11 Categorical Data Analysis

11.2 $χ^{2}$ Tests for Independence and for Homogeneity of Proportions

OBJECTIVES By the end of this section, I will be able to …

Explain what a $χ^{2}$ test for the independence of two variables is.
Perform and interpret a $χ^{2}$ test for the independence of two variables using the critical-value method and the p-value method.
Perform and interpret a test for the homogeneity of proportions.

1 Introduction to the $χ^{2}$ Test for Independence

In Section 11.1, we learned that the $χ^{2}$ distribution could help us determine a model's goodness of fit to the data. Here, in Section 11.2, we will learn two more hypothesis tests that use the $χ^{2}$ distribution. Recall from Section 2.1 that a contingency table, also known as a crosstabulation or a two-way table, is a tabular summary of the relationship between two categorical variables. The categories of one variable label the rows, and the categories of the other variable label the columns. Each cell in the table contains the number of observations that fit the categories of that row and column. Table 7 is a contingency table based on the study How Young People View Their Lives, Futures, and Politics: A Portrait of “Generation Next.”⁵ The researchers asked 1500 randomly selected respondents, “How are things in your life?” Subjects were categorized by age and response.

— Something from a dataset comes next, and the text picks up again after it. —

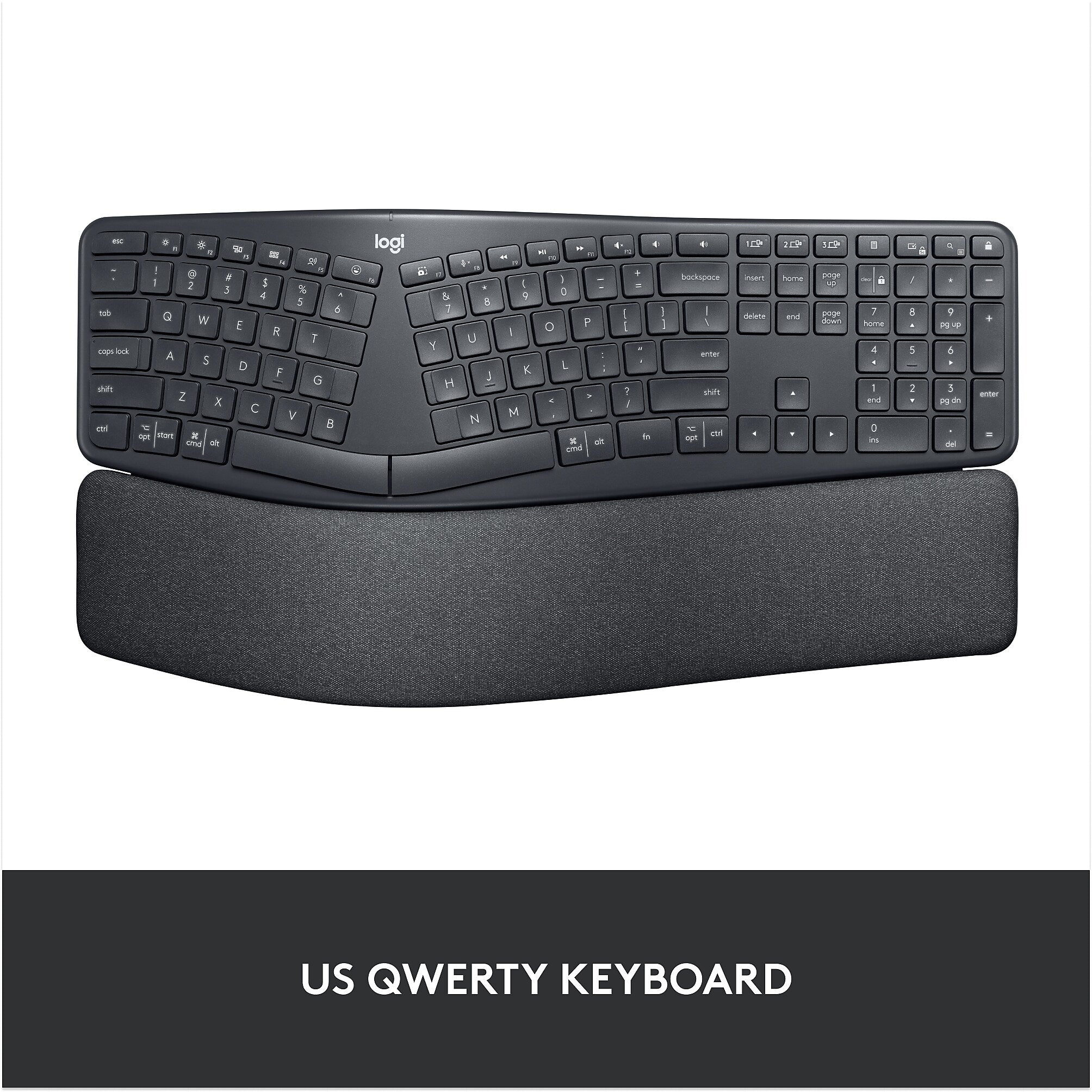 Logitech ERGO K860 Wireless Keyboard, Graphite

The researchers identified those ages 18–25 as representing “Generation Next.”

The term contingency table derives from the fact that the table covers all possible combinations of the values for the two variables, that is, all possible contingencies.

Table 11.22: Table 7 Contingency table showing relative frequencies of variable categories

	Age group
Response	Gen Nexter (18–25)	26+	Total	Relative frequency
Very happy	180	330	510	$\frac{510}{1500} = 0.34$
Pretty happy	378	435	813	$\frac{813}{1500} = 0.542$
Not too happy	42	135	177	$\frac{177}{1500} = 0.118$
Total	600	900	1500
Relative frequency	$\frac{600}{1500} = 0.4$	$\frac{900}{1500} = 0.6$

We can use contingency tables like Table 7 to determine whether two random variables are independent. Recall that two random variables are independent if the value of one variable does not affect the probabilities of the values of the other variable. For example, is a “Gen Nexter” (someone age 18–25) less likely to report that he or she is “very happy” and more likely to report that he or she is “pretty happy” than someone older? If so, then the response depends on age, so the variables age group and response are dependent.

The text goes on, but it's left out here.